### RECORDS FOR THE EXERCISE
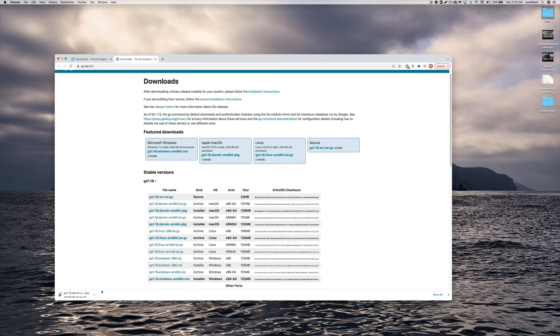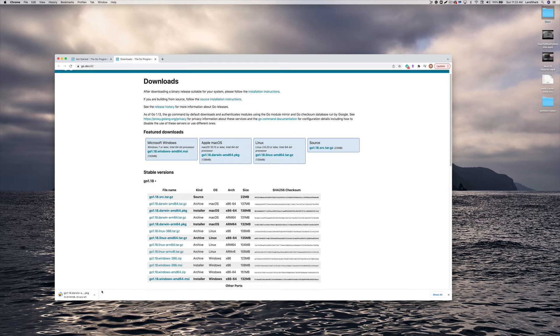And it's downloading at a very slow speed. I'll pause this until it's completed. Now completed downloading.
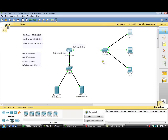So this was the easiest way to configure an extended access list using Cisco Packet Tracer. Hope you got it. See you in the next video tutorial. Thank you for watching.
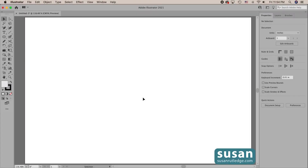Hi, I'm Susan Rutledge and in this video I'm going to show you how to use the Shaper tool in Adobe Illustrator. Now it's actually much more useful if you're drawing on a tablet, but I'm using a desktop and my mouse and I'll show you that there's at least one object which I think you can create faster using the Shaper tool than the traditional methods.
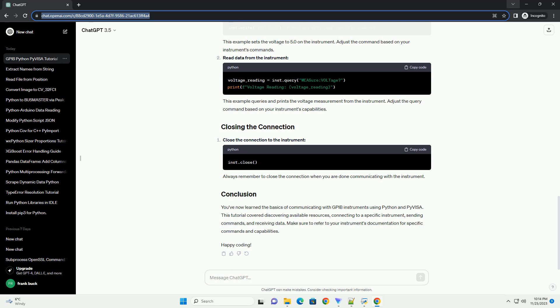Read data from the instrument. This example queries and prints the voltage measurement from the instrument. Adjust the query command based on your instrument's capabilities. Close the connection to the instrument.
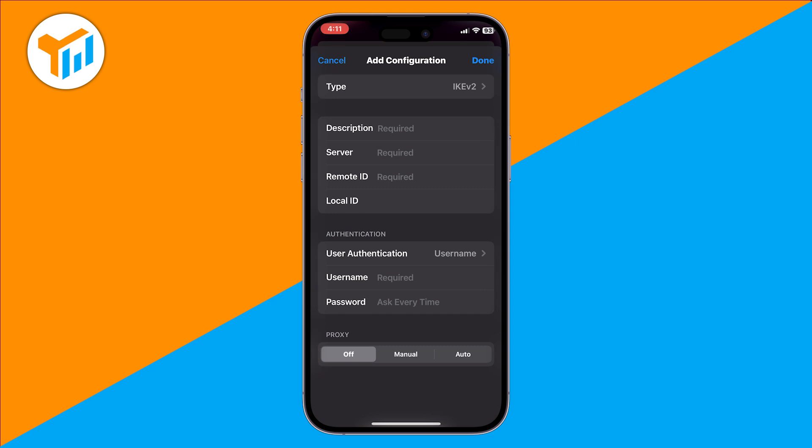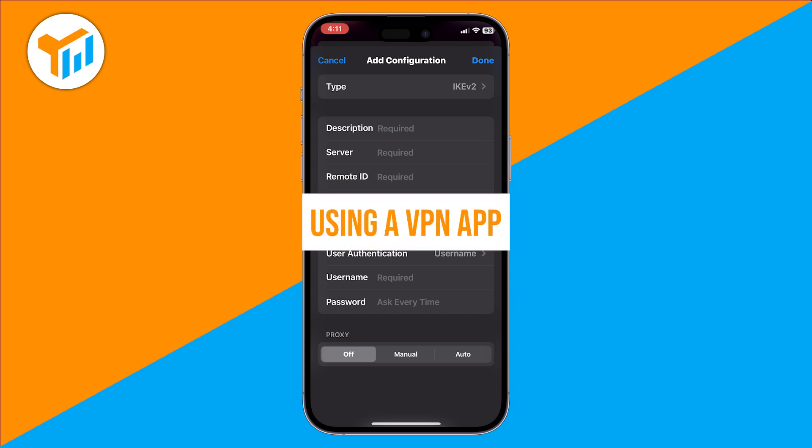Once you fill these in, tap Done, then toggle the VPN on whenever you want to connect. This option is secure, but it requires you to have VPN details from a provider.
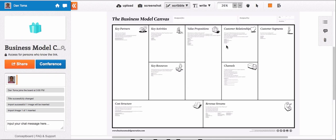So this is the template of the Business Model Canvas. You can use any type of template and you can use ConceptBoard for basically anything. It's just limited by your imagination.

### WHAT THE TASK REQUIRES
Print the lines from the beginning of the records up to and including the line containing "Read data from", word for word, with no pictures.

### WORKED SOLUTION
And it's downloading at a very slow speed. I'll pause this until it's completed. Now completed downloading.
So this was the easiest way to configure an extended access list using Cisco Packet Tracer. Hope you got it. See you in the next video tutorial. Thank you for watching.
Hi, I'm Susan Rutledge and in this video I'm going to show you how to use the Shaper tool in Adobe Illustrator. Now it's actually much more useful if you're drawing on a tablet, but I'm using a desktop and my mouse and I'll show you that there's at least one object which I think you can create faster using the Shaper tool than the traditional methods.
Read data from the instrument. This example queries and prints the voltage measurement from the instrument. Adjust the query command based on your instrument's capabilities. Close the connection to the instrument.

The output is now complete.